We are experiencing an epidemic.  "Hacking" or Data Breaches have become commonplace...and that's dangerous.

As the frequency of hackings has increased, so is the likelihood that you will also be involved.  You may feel that you're a sitting duck in this scenario, because, after all, even though you have been most responsible and have put every security measure of which you are aware in place, you still have no control if your data is breached due to cyber criminal activity involving a third party (EX: Target or Blue Cross).

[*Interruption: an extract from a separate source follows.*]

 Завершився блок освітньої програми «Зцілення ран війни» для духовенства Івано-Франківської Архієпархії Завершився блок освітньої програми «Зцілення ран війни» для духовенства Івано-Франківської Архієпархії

That is not exactly accurate.  As I've mentioned before in previous blogs, while it IS true that, if someone is specifically bound and determined to compromise your security, they will eventually succeed, the chances of this scenario happening are very small.  Odds are MUCH greater that if your information is compromised, it will be the result of a third party hacking.  And in this case, here is what you can do to increase your chances of NOT becoming a victim.

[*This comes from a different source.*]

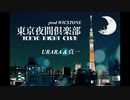 東京夜間倶楽部【prod WICSTONE】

It bears repeating...The more deterrents in place, the less likely you become a cyber criminal victim.

Common sense tells you, if your information is too difficult to "decode", just like a burglar to a house that has too many security features, a cyber criminal will move on to an easier target.

So, here are a few suggestions to try that might insure your personal "technological security"

  1. Use strong, complicated passwords.                                                                         The more complicated they are, with a mixture of letters, caps and symbols, the less likely your passwords can be decoded.                                                                                           
  2. Use a unique password in every new account or service.  DO NOT recycle your passwords.                                                                                                            
  3. Change your passwords often.                                                                                    
  4. Don't use Social Security numbers, phone numbers, addresses, or other personally identifiable information as passwords.                                                   
  5. Decide what you define as Personally Identifiable Information (PII). ComputerWorld asks six privacy experts for their recommendations for protecting data in the modern digital age. "'The traditional definition of personally identifying information (PII) -- health records, credit card numbers, social security number, etc. -- is so 20th century. The big data age of the Internet is upon us, and even data not previously considered to be PII can feel very personal when viewed in a broader context. 'Bits of data, when combined, tell a lot about you,' says Alex Fowler, chief privacy officer at Mozilla. Those aggregated bits, which constitute the new PII, may include such information as your email address, browsing history and search history. 'The definition of PII -- information that a person has a legitimate interest in understanding and protecting -- is going to be broadened as we move further into the information society,' says Fowler. 'It's a different footprint than what your parents ever thought about. Think about what you consider personal information,' Fowler adds. 'You need a working definition."
  6.  Watch out for theft of your government-issued identification numbers.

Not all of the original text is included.